Her Own Company Is Always Enough by Maude May

Nicholas Erker

"What draws me to create artwork is the need to explore memories. My work is based on narratives from my life and the lives of those around me. I realized the importance of exploring memories when I took care of my mother while she was in hospice care. The idea of loss, family, and the oral tradition of sharing family stories was something that became very important to me at that time. After my mother passed, I began creating much more work, all revolving around the idea of the American Midwestern family, oral traditions, and in some cases loss. Currently, I am working on two different series. One continues to explore the idea of memory while the other focuses entirely on the idea of what it is to live in the American heartland." 

Nicholas Erker


An unfortunate Event by Nicholas Erker

Suzanne Fuqua

"Mostly, I straddle reality and imagination. My reality needs imagination like a bulb needs a socket. My imagination needs reality like a blind man needs a cane." 

Tom Waits quote shared by Suzanne Fuqua

"I live in the Alexander Archipelago in North America, off the southeastern coast of Alaska. This vast temperate rainforest is home and refuge, my "church". The natural world influences most of my paintings, and the unpredictable dream world does as well.  One of my favorite processes is laying down color washes and seeing what appears to me. I move from one element to another as the painting unfolds. Not knowing the exact outcome until I am done is a fulfilling, creative exploration.

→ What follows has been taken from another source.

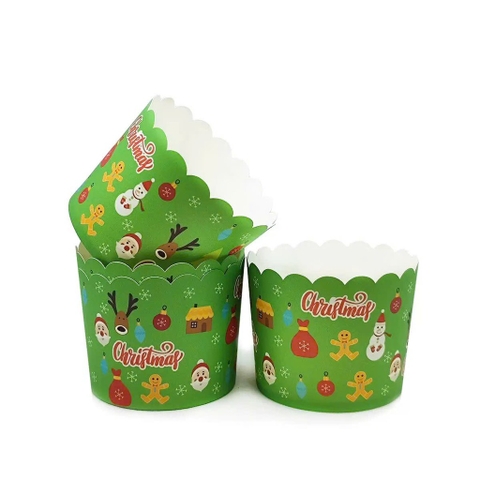 Set 50 cốc cupcake NOEL kt 7x5.5x6cm-màu xanh lá (tuần lộc, người tuyết+ nhiều chi tiết nhỏ).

Painting offers me solace, brings me joy, and gives me a path from which to navigate and withstand the pressures of the times we live in."

Suzanne Fuqua

In A Far-off Realm by Suzanne Fuqua

 


James Richards shares the following quote by Carrie Mae Weems:

"I don’t always know what I’m doing. I’m often lost and struggling through a process and a set of ideas and emotions that I don’t always understand. Sometimes it takes me years to really understand what I’ve done… That’s why I think it’s so important to really sort of get out of the way of the work… I simply know that I need to make something…I need to realize something, grapple with something, and I do that…allowing the work to be what it is…allowing the meaning to emerge as it emerges. And maybe five years from now I’ll see something in the work that I really didn’t know that I was after."

Carrie Mae Weems

Sparkle by James Richards


Thomas Crawford

"Close inspection reveals individual plots where future houses are planned, others where framing has begun, and others where new houses are complete.  This satellite photo literally shows a new community coming into being. 

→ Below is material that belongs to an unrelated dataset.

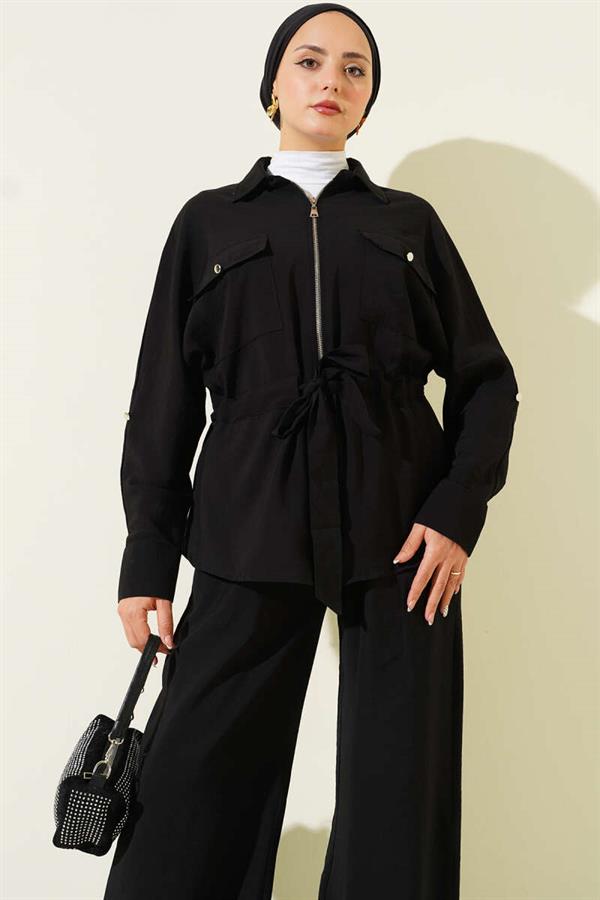 Waist Tunnel Double Pocket 2 Piece Set Black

Look again from a more global perspective -- a monumental building emerges with a triangular pediment resting on three columns, capped by a modest tower with a gabled roof, and standing upon a foundation of empty parking lots."

Thomas Crawford 


Three Shovels by Thomas Crawford

Enzina Marrari

Burn Your Lips is a soft sculpture based on the proverb, "Burn your lips on the hot milk, you'll start blowing on water too." It is a piece about processing trauma and grief, personal history, and redefining what is comfort. 

I am drawn to the layers of stories woven into the vintage fabric of the doily. As I iron them out to prepare for what they’ll turn into next, I think about all the songs sung, tears shed, laughs had and time spent filled with the too much and the nothingness the doily must have witnessed - all the secrets it held. 

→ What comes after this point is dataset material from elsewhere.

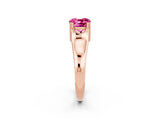 Rose gold Cushion Cut Pink Sapphire Solitaire Ring with Wide Band and Prong Setting_26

The repetition of the hand stitched embroidery serves almost as a ritual of process - of remembering, of forgetting - a training of self, a scar. Marks that mirror memory, stitch by stitch.


A pillow provides comfort, solace, warmth- but like most things, it has sides. Sometimes cool, sometimes stifling - offering sweet dreams or sour nightmares, but, at least a new day and there is comfort there."